In total, our total carbon emissions dropped a staggering 68%. We went from releasing 35,636 pounds of CO2 each month to now producing 11,220 pounds per month in the winter, and under 8,000 pounds a month in the summer.

This transformation has been amazing both economically and ecologically. We have saved an average of $6,000 annually with our current geothermal system.

I calculate that the geothermal system will pay for itself in just over four years. I’m certainly no “tree-hugger”, but the economic incentives, coupled with the ecological improvement, made this decision a “no-brainer”.

Along with the cost savings, we also now have central air conditioning in both our home and winery.
 We have also incorporated a duct sealing product that has saved us over one ton of loss of air in our existing leaky ductwork. This product was installed by R.A. Heating and Cooling, Evansville, Wisconsin.

Duct sealing makes sure the conditioned air goes where you want it. That puts another huge dent in our carbon footprint. Following all of these improvements, we qualified as Green Professionals in Wisconsin’s Green Masters Program.

New Egg Laying Pest Reduction Program

Chickens in the vineyard

Chickens in the vineyard

We have also reduced our insecticide spray program at TSW by incorporating a flock of 30 chickens in the vineyard to reduce insects naturally. These Americana chickens eat any insect that moves in the vineyard, and in return they lay blue eggs that we sell in the winery.
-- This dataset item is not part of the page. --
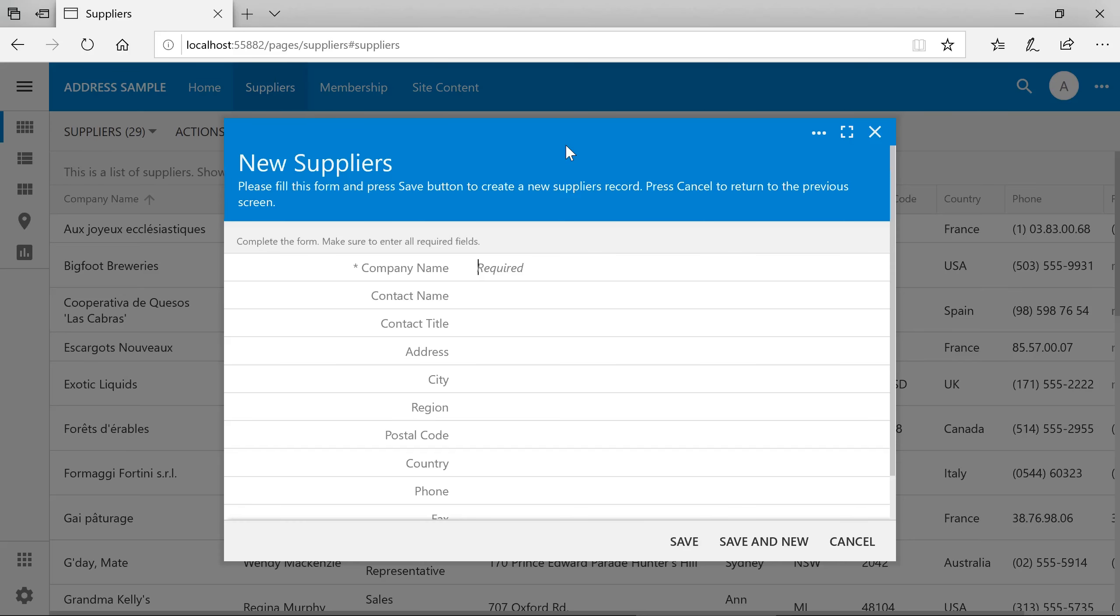In our sample app, we require users to submit the address of a supplier. Unfortunately, our users can have varying quality with the submitted data. We can drastically improve the quality of this data by enabling the address autofill feature available in apps created with CodeOnTime.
People think they lay blue eggs from eating the grapes and it makes for a great story. But this species of chickens lay blue eggs naturally.

Carbon Sequestration in the Vineyard

In addition to the improvement to our home and winery, we have also incorporated techniques for carbon sequestration in our five acre vineyard.

Studies have shown that long term storage of carbon can be accomplished through non-disturbance of soils, and intake of carbon through vines through photosynthesis.

Approximately two kilograms of organic soil carbon can be sequestered for one foot of soil depth.

And 1.87 kilograms of carbon per vine can be sequestered. After 21 years of vines in place, this value increases to 3.60 kilograms of carbon per vine.

Not disturbing the cover crop between the rows of grapes and allowing the vine canopy to grow vertically can make a tremendous difference on your carbon footprint without affecting your crop.

These techniques work best with hedge pruning, I’ve found. A common practice in viticulture is to work up the soil between rows and prune back excessive vine growth.

This has led to a yearly carbon sequestration of just under the equivalent of one ton of CO2 per year in our five acre vineyard.

Branch River Trout Hatchery Goes Green Too

At TSW, we’ve also achieved minimum water usage in our Class A private Trout Hatchery (Branch River Trout Hatchery.)

Over 30 years ago, our peers said we did not have enough water for a trout hatchery. But we have proved our critics wrong over time.

Steve DeBaker next to a sign for the

Steve DeBaker next to a sign for the Wisconsin Ledge AVA which he successfully petitioned to the TTB.

We have an artesian well on our property that produces about 30 gallons per minute. In the design stage of our raceways, we incorporated a gravity flow through system to utilize all water flowing from one raceway to the next, thereby saving water from just a single pass system through each raceway.

All 30 gallons per minute passes through five different raceways through elevation changes, and gravity flow from just one pump. This was something industry leaders said could not be done.

During 2012, Branch River Trout Hatchery was recognized by the US Department of Agriculture as the largest private producer of Brook Trout in the state of Wisconsin. Guess it can be done!

Adding Up the Benefits

All of these measures add up to significant savings both economically, and ecologically. And as we say at TSW, “Green means less carbon and more cash.”

Too often, people throw up their hands, and say,”What can I do, I’m just one person?” But if we all do just a little, we can make a huge change in what kind of world we live in. More importantly, we also change what kind of world we will pass on to our children, and grandchildren.